Traders Sound Policy-Error Alarm as Inflation Outlook Dives

(Bloomberg) -- The bond market is sending a warning to the Federal Reserve: a false step could leave the U.S. bogged down in a disinflationary quagmire well into the next decade.

The Fed has pumped almost $4 trillion into the financial system through debt purchases and kept interest rates near zero for seven years to help push price gains toward its 2% target. Yet break-even rates -- the gap between fixed-rate and inflation-indexed Treasuries -- suggest investors see a growing risk policy makers will drive prices in the other direction if they start raising interest rates next month.

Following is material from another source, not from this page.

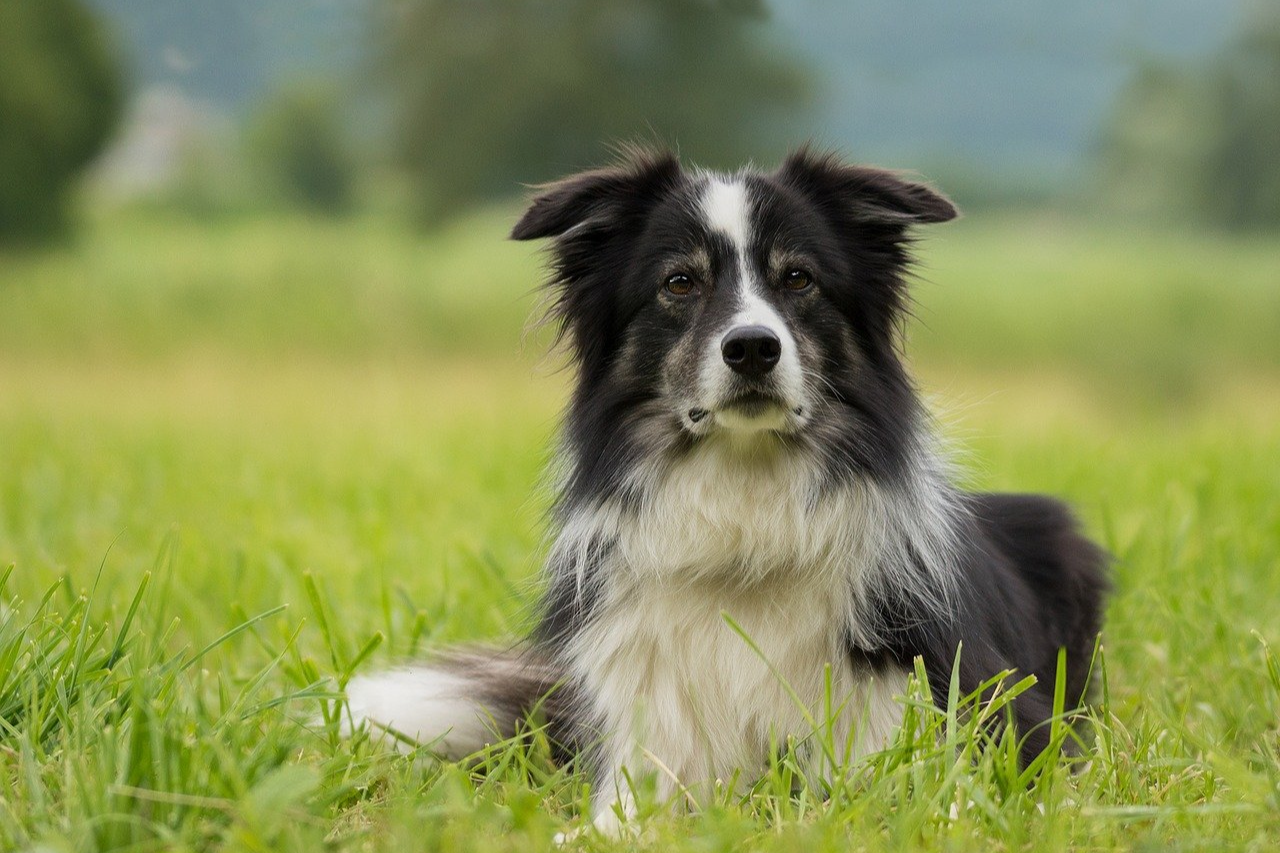 Are Border Collies Hypoallergenic?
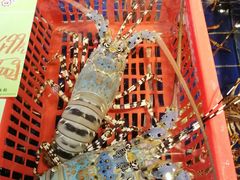 -79号渔船海鲜饭店(华强北店)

U.S. government debt is “priced for inflation never to pick up,” said Michael Pond, head of global inflation-linked research in New York at Barclays, one of 22 primary dealers that trade with the Fed. “The market is implying that tightening will be a policy error.”

The decline in break-even rates to levels at or below those reached in January -- before the European Central Bank began $1.1 trillion of its own bond purchases and China devalued its currency -- is even more alarming given that global policy makers now have fewer tools at their disposal to boost prices.

“If they had little to work with in the past, they have virtually nothing to work with now,” said Gregory Whiteley, a money manager at Los Angeles-based DoubleLine Capital, which oversees $76 billion.

OPTIONS MARKET

The drop in inflation expectations has accelerated since the Fed’s July meeting, where policy makers appeared intent on raising interest rates before year-end.

Two-year Treasury breakevens fell to within a quarter-percentage point of zero on Thursday. What’s more, expectations for inflation in Germany have fallen to 0.37% over the next five years, while in the U.K. they’ve tumbled to 2.25%, down 0.44 percentage point from just three months earlier.

In the options market, traders are also wagering that inflation will cool. They’re paying the most since July 2012 for two years of protection against declining U.S. prices. Oil fell as low as $40.65 on Friday, headed for the longest run of weekly declines in almost three decades.

Longer-term inflation forecasts, traditionally less sensitive to energy prices, haven’t been immune. One measure of 10-year forecasts for inflation neared its lowest level in five years on Thursday.

“It’s not looking pretty in the inflation market,” said George Goncalves, head of interest-rate strategy at Nomura Holdings, also a primary dealer. “Where’s the fire? Where’s the rush to hike?”

SEPTEMBER ODDS

Still, minutes from the central bank’s July policy meeting, released Wednesday, showed officials are concerned about stubbornly low inflation, leading traders to scale back odds of a rate boost next month.

The probability traders assign a rate rise in September has dropped to 32% from about 50% earlier this week, based on the assumption that the effective fed funds rate will average 0.375% after liftoff.

“I don’t see them hiking unless the data all of a sudden takes a turn,” said Ed Acton, a U.S. government-bond strategist at RBS Securities in Stamford, Conn.

Even so, the bond market’s forecasts for inflation continues to drop. Officials may dismiss the decline on the view that it’s correlated with falling energy prices, said Pond at Barclays. Other commodities, including nickel and copper, have tumbled this year as global demand slows.

The biggest risk is “you tighten and you realize it’s in an environment where the global economy is weakening and the U.S. economy is weakening by default as well,” said Jack McIntyre, a moneymanager who oversees $58 billion at Brandywine Global Investment Management in Philadelphia.